(Short web captions)
↓↓↓

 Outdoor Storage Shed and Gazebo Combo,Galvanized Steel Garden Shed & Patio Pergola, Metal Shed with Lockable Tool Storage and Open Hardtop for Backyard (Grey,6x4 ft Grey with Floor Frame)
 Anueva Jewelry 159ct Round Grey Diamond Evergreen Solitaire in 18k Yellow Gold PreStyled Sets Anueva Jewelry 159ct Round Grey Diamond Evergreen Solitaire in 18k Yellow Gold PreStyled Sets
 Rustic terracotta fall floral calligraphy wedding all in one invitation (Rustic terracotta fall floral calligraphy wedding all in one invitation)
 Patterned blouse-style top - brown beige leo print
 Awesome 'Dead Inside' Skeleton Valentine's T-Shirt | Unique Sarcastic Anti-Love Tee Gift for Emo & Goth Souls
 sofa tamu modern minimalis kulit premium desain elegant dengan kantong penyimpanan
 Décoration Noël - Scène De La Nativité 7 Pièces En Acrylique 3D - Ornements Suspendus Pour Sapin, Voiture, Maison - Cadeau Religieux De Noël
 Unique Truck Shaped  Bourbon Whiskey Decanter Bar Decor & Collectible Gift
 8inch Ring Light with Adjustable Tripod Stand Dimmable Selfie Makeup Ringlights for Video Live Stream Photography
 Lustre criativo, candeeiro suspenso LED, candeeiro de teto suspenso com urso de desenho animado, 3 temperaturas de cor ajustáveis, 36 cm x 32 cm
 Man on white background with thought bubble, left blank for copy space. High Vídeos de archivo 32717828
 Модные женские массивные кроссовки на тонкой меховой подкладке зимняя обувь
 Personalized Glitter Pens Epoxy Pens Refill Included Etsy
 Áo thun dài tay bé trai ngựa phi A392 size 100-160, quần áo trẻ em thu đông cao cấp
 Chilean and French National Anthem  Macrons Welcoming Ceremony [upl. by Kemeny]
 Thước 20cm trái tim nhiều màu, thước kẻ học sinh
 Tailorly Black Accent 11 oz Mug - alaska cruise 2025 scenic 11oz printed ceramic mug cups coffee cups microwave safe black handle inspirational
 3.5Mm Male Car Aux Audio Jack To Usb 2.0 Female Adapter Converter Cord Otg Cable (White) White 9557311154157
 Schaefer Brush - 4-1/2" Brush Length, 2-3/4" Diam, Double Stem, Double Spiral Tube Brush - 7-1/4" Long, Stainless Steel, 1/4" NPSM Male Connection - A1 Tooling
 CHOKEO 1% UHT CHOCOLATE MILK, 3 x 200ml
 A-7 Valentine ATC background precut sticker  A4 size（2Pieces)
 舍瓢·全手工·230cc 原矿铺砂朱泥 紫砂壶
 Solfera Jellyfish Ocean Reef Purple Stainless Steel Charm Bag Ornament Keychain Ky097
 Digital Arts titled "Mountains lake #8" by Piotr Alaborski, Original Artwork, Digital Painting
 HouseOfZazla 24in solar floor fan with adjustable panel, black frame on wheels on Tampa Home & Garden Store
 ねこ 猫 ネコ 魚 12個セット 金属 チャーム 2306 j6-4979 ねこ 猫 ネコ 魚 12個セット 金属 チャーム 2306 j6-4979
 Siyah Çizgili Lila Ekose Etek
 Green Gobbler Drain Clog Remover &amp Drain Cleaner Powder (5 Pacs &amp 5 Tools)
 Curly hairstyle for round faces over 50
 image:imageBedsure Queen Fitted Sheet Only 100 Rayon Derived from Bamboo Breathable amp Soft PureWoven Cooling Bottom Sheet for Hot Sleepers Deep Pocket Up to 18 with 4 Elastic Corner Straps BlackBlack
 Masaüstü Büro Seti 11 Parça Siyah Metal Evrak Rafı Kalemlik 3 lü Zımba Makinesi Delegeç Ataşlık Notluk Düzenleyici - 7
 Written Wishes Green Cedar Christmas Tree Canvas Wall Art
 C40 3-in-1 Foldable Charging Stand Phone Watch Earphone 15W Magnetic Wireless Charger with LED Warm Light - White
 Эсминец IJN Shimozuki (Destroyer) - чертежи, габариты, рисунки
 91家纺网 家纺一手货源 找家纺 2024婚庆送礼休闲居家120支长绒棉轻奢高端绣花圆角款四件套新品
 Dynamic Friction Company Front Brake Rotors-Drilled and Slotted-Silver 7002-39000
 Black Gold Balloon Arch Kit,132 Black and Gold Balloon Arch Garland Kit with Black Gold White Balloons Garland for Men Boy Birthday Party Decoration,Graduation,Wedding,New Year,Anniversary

↑↑↑

**Task:** Would you copy, unchanged, the stretch of the records above that begins at the line containing "CHOKEO 1% UHT CHOCOLATE MILK, 3 x 200ml" and ends at the line containing "ねこ 猫 ネコ 魚 12個セット 金属 チャーム 2306 j6-4979 ねこ", and only that?

**Solution to this problem:**
 CHOKEO 1% UHT CHOCOLATE MILK, 3 x 200ml
 A-7 Valentine ATC background precut sticker  A4 size（2Pieces)
 舍瓢·全手工·230cc 原矿铺砂朱泥 紫砂壶
 Solfera Jellyfish Ocean Reef Purple Stainless Steel Charm Bag Ornament Keychain Ky097
 Digital Arts titled "Mountains lake #8" by Piotr Alaborski, Original Artwork, Digital Painting
 HouseOfZazla 24in solar floor fan with adjustable panel, black frame on wheels on Tampa Home & Garden Store
 ねこ 猫 ネコ 魚 12個セット 金属 チャーム 2306 j6-4979 ねこ 猫 ネコ 魚 12個セット 金属 チャーム 2306 j6-4979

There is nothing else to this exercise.